Consequently, they overtrade and use their equity to the limit.
They are therefore under-capitalised, which puts them in a
squeeze and forces them to liquidate positions due to lack of
funding rather than for good reasons. Usually, they liquidate
the good trades and keep the bad ones.
2. Many traders do not realize the news they hear has already
been discounted by the markets and the current price already
reflects knowledge of this information.
3. After several profitable trades, many speculators become wild
and un-conservative. They base their trades on hunches and long
shots, rather than sound fundamental and technical reasoning, or
they put their money into one deal that 'can't fail.' - it can,
and usually does.
4. Traders often try to carry too large a position with too
little capital, and trade too frequently for the size of their
account.
5. Some traders try to 'beat the market' by day trading, nervous
scalping, and getting greedy.
6. They fail to pre-define risk, add to a losing position, and
fail to use stops.
7 They frequently have a directional bias; for example, always
wanting to be long.
8. Lack of experience in the market causes many traders to
become emotionally and/or financially committed to one trade,
and unwilling or unable to take a loss. They may be unable to
admit they have made a mistake, or they look at the market on
too short a time frame.
9. They overtrade.
10. Many traders can't (or don't) take the small losses. They
often stick with a loser until it really hurts, then take the
larger loss. This is an undisciplined approach. A trader needs
to develop and stick to a system.
11. Many traders get a fundamental case and hang onto it, even
after the market technically turns. Only believe fundamentals as
long as the technical signals follow. Both must agree.

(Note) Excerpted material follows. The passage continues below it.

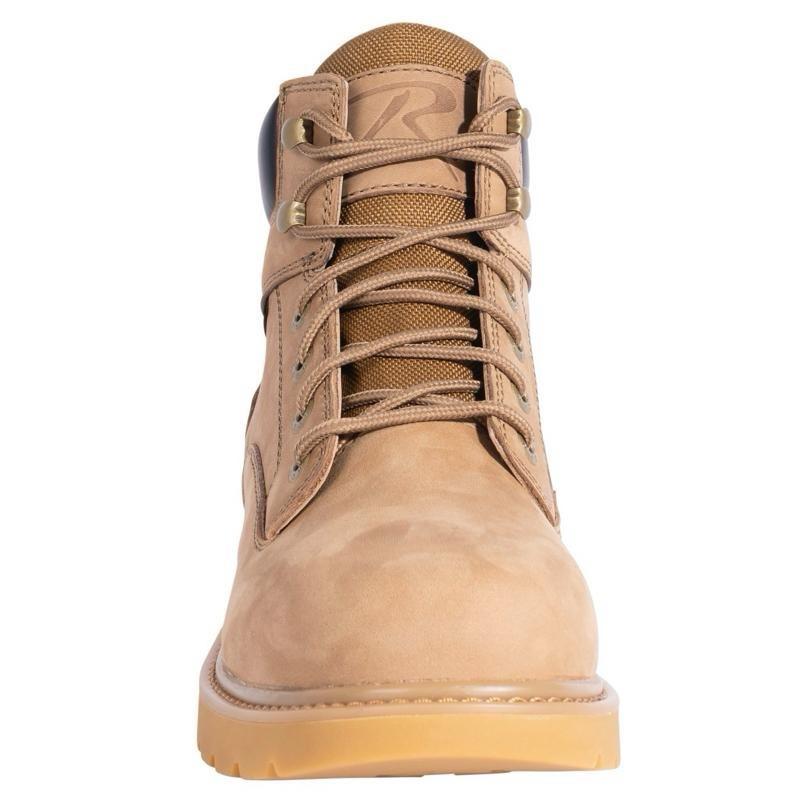 Rothco Tradesman 6 Inch Men’s Work Boots - Coyote Brown, Black, Brown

12. Many traders break a cardinal rule: 'Cut losses short. Let
profits run.'
13. Many people trade with their hearts instead of their heads.
For some traders, adversity (or success) distorts judgment. That
is why they should have a plan first, and stick to it.
14. Often traders have bad timing, and not enough capital to
survive the shake out.
15. Too many traders perceive futures markets as an intuitive
arena. The inability to distinguish between price fluctuations,
which reflect a fundamental change, and those which represent a
short-term correction, can often causes losses.
16. Not following a disciplined trading program leads to
accepting large losses and small profits. Many traders do not
define offensive and defensive plans when an initial position is
taken.
17. Emotion makes many traders hold a loser too long. Many
traders don't discipline themselves to take small losses and big
gains.
18. Too many traders are under financed, and get washed out at
the extremes.
19. Greed causes some traders to allow profits to dwindle into
losses while hoping for larger profits. This is really due to a
lack of discipline. Also, having too many trades on at one time
and overtrading for the amount of capital involved can stem from
greed.
20. Trying to trade inactive markets is dangerous.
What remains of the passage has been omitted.